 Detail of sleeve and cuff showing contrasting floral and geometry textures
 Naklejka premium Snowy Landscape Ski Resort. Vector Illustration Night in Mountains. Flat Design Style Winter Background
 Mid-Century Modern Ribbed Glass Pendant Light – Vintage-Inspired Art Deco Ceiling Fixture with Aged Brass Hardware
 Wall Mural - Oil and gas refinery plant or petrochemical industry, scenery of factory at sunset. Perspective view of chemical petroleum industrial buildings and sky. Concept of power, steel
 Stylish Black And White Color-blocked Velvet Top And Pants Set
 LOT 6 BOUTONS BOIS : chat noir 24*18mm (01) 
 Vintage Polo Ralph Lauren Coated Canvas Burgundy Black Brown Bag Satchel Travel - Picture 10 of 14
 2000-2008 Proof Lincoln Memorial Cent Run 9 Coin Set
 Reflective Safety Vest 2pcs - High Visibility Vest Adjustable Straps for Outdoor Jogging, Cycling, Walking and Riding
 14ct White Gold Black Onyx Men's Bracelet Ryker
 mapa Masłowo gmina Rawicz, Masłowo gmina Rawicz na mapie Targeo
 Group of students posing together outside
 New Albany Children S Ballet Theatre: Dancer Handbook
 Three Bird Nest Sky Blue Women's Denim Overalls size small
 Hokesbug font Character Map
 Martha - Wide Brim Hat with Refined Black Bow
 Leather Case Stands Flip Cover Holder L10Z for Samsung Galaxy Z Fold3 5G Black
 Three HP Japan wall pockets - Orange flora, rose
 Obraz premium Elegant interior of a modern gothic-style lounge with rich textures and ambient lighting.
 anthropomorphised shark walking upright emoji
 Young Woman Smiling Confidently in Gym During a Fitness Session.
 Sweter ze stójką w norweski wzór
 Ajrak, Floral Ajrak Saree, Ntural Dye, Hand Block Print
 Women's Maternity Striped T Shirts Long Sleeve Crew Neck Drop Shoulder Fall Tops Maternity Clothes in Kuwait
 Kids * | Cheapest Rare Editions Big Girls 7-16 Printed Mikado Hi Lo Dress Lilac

* * *

Of the lines above, show those in which "Vintage" appears.

 Mid-Century Modern Ribbed Glass Pendant Light – Vintage-Inspired Art Deco Ceiling Fixture with Aged Brass Hardware
 Vintage Polo Ralph Lauren Coated Canvas Burgundy Black Brown Bag Satchel Travel - Picture 10 of 14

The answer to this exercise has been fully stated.